I am an undergraduate working through Chris Hall's result about infinitely many twin irreducible polynomials over finite fields.
He begins his argument with a lemma,
If $q \equiv 1$ mod $l$ for some odd prime $l,$ where $q$ is an odd prime power, and $\beta \in \mathbb{F}^\times_q - {\mathbb{F}_q^\times}^l,$ then $x^{l^m} - \beta$ is irreducible in $\mathbb{F}_q[x]$ for all $m \geq 0$.

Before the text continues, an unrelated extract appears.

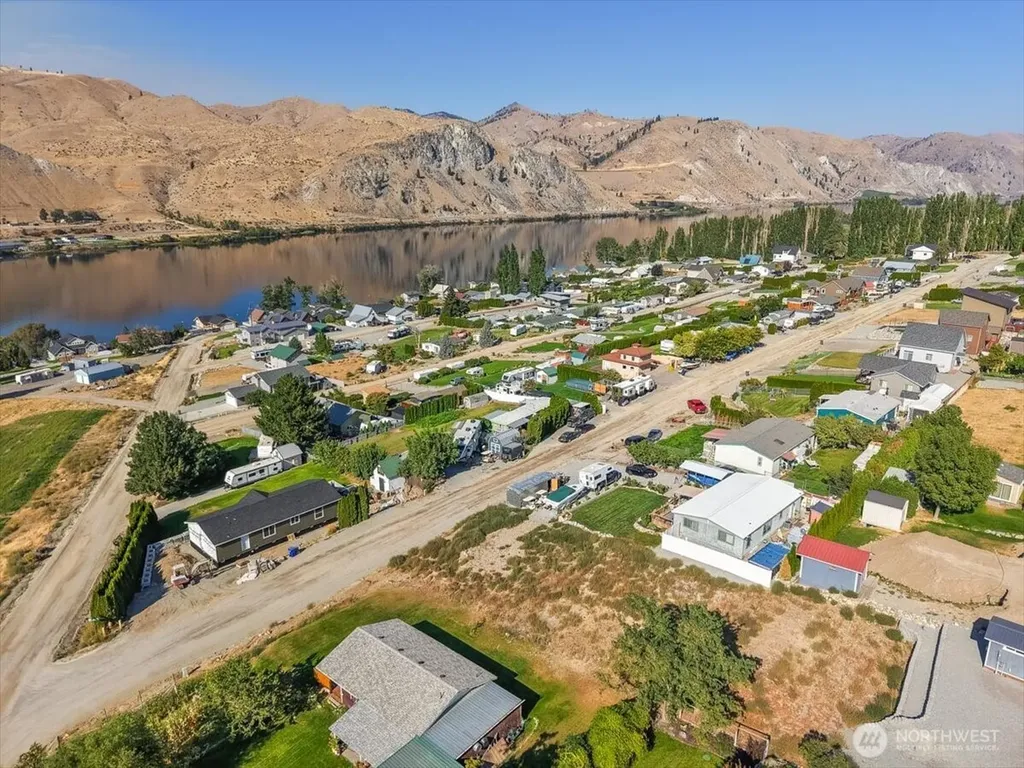 204 Willow View Drive Orondo WA 98843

He cites his proof as theorem 9.1 from chapter 6 of Lang's Algebra text, which goes as follows:
Let $k$ be a field and $n$ an integer $\geq 2.$ Let $a \in k, a \neq 0.$ Assume that for all prime numbers p such that $p \mid n$ we have that $a \notin k^p,$ and if $4 \mid n$ then $a \notin -4k^4.$ Then we have that $X^n - a$ is irreducible in $k[X].$
So the first issue is translating Hall's statement and notation to that of Lang's. I fully understand how Hall's condition that $\beta \in \mathbb{F^\times_q - F_q}^{\times l}$ satisfies that of Lang's condition. Since Lang requires that $a \neq 0$ and that $a$ is not a $p$-th power in the field. I think I have interpreted this much correctly. The one part I don't seem to understand is the equivalence relation between $q$ and 1. I don't see how this implies the condition imposed by Lang.
Secondly, assuming that I've interpreted what Hall has written correctly, this claim seems a little weaker than what Lang goes to prove. Since Lang assumes that $n$ is of the form $m \cdot p^r$ where $m$ is prime to $p$ and $p$ is odd, but Hall only assumes that the degree of the polynomial is a prime power (hence m = 1), or did I misinterpret his claim?
Also, I have no real exposure to Galois groups and little exposure to field extensions. If someone could explain, intuitively, what is the Norm between field and field extensions and how it relates to Galois groups?